The blueprint we received was extremely simple: Attract thousands of people to Ham House to celebrate their 400th Birthday on the 23rd May. As a group of students in our final year of university, throwing a party didn’t seem too problematic; but the community of Ham and the National Trust’s enthusiasm for the area presented us with an opportunity to achieve something more. We are contacting representatives of the area, of local schools, businesses and social groups, trying to unite them in a celebration of Ham itself. Many participants will embark on a parade through Ham, proudly displaying their contribution to the community. The parade will end in the gardens of the magnificent Ham House, where the carnival atmosphere will reach fever pitch as thousands gather to sing in harmony with local choirs and wish Ham House a happy 400th Birthday. I spoke to Michael Billington, The Guardian’s Theatre critic for over thirty years to get his articulate opinions on the potential of large-scale participatory events.
“Events like this can inspire a community to examine the rich history of their community. There are so many stories to be told that they can reignite a sense of local pride.” The residents of Ham have plenty to be proud of. The area has a well documented and celebrated regal history and benefits from a village mentality which enables it to function differently to many other parts of London – with a large community influence. Like the politicians fighting for control of the country and the local borough constituency, Billington firmly believes in the importance of community. “It is important for obvious democratic reasons; it encourages involvement, which can only ever be a good thing.” Throughout an illustrious critical career spanning over three decades, Billington has witnessed many participatory events and ‘Community Theatre’ shows made by amateur dramatists. He believes they are a fundamental part of British life: “Every town always has its own amateur drama society. It can be completely astonishing and push professional theatre forward. They deal with what is happening around us. They can act as a community focus in a time when City Centres in particular are extremely lifeless. With participatory events, you become part of the evening out.”
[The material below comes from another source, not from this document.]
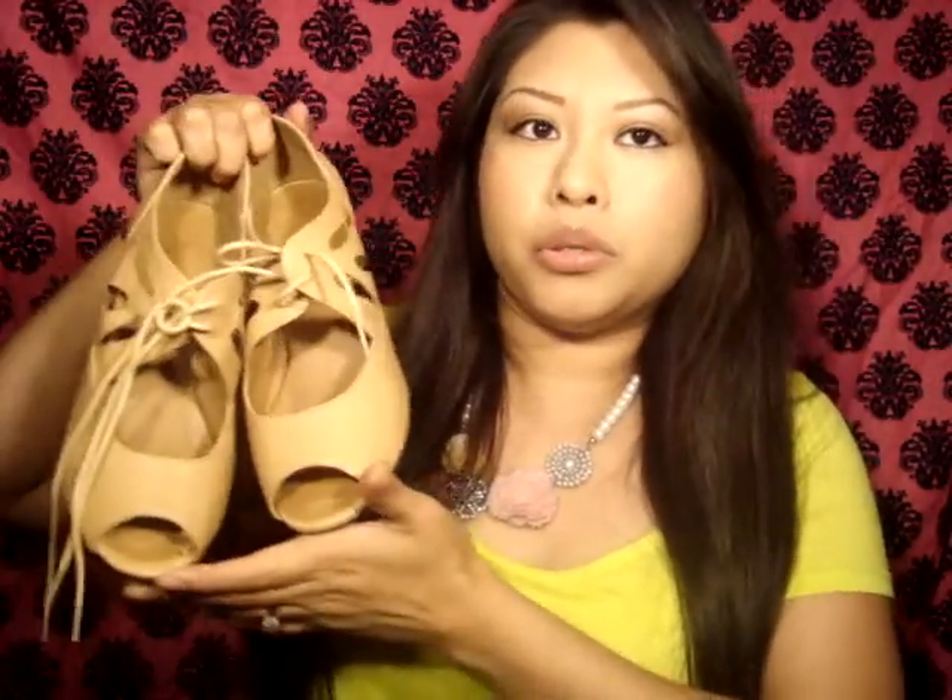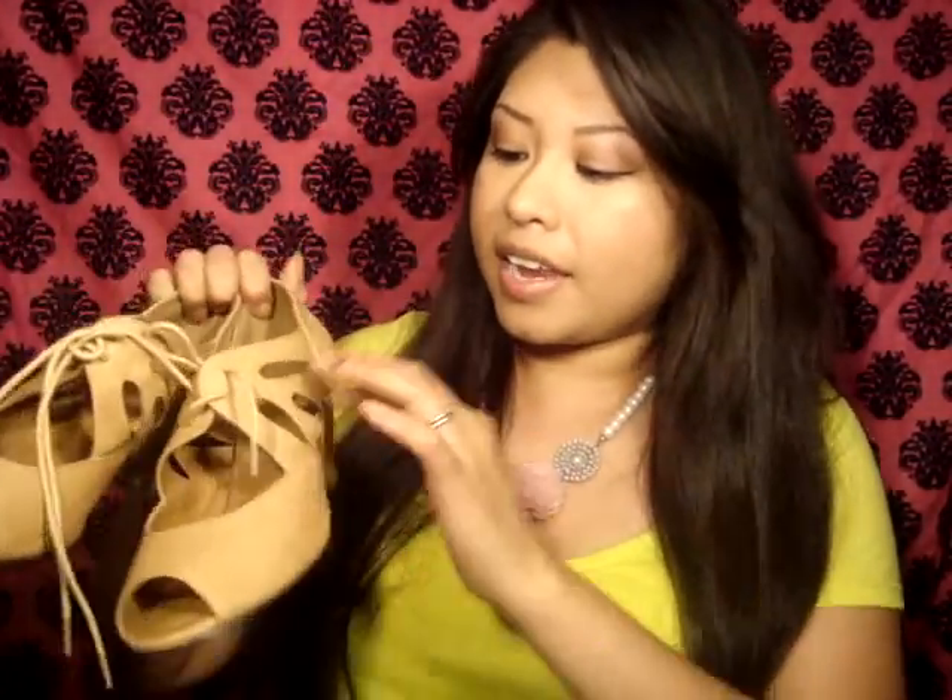Let me show you the shoes I got. I got these shoes right here — they're from Baker's. They're nude shoes, pretty low, and I like the cutouts and that they tie at the front. They're really comfortable; the only thing is they're really loud when you walk, but other than that I really like them.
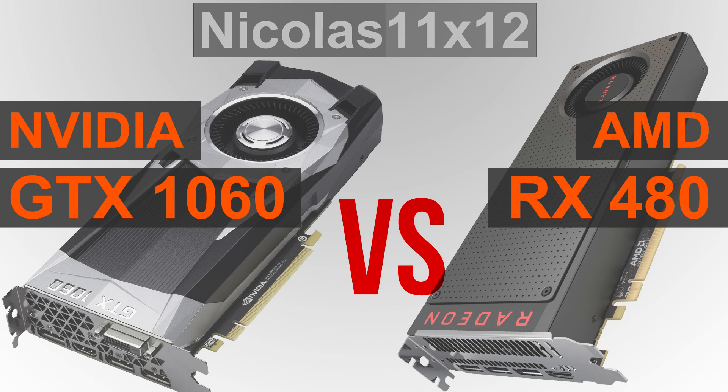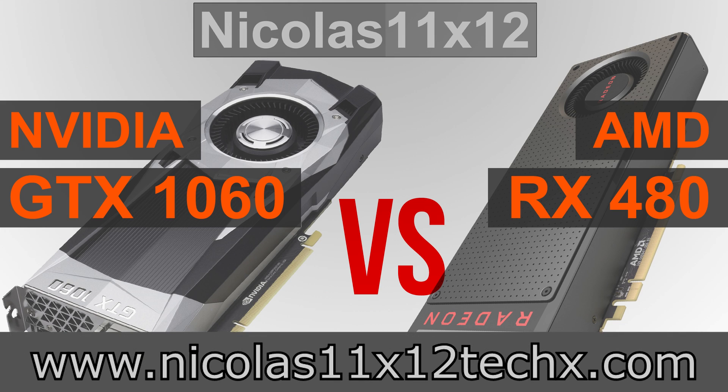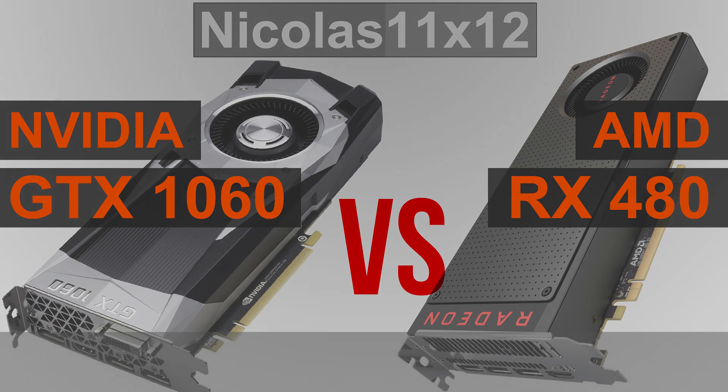Another thing to factor in is power efficiency. While the RX 480 is quite efficient too, it by far can't touch the GTX 1060's power draw. And when comparing performance per watt, that's a whole different story we aren't going to dive into for now. Right now, I think we have to choose between the GTX 1060 and the RX 480 with 4GB of VRAM. I really hope I could help you with your decision — it truly isn't an easy one, but maybe this short video did help you out. Thanks for watching, don't forget to subscribe and visit my website to sometimes see videos there earlier.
On the 23rd of May 2010, residents from the boroughs of Richmond and Ham & Petersham will participate in a parade celebrating the richness and diversity of the community they are proud to be a part of. Given the nature and scale of the event, I asked Michael Billington if he believed the project could work: “Yes, I think it can, because the very essence of the event means that the bulk of people will be participating. There will be very few people merely spectating; therefore everyone will feel a commitment to the event.” Michael Billington’s support and enthusiasm for the event is both refreshingly humble and greatly appreciated. As the day fast approaches, we now need the support and involvement of all residents who are proud to hail from this leafy corner of south-west London and wish to celebrate its immense diversity.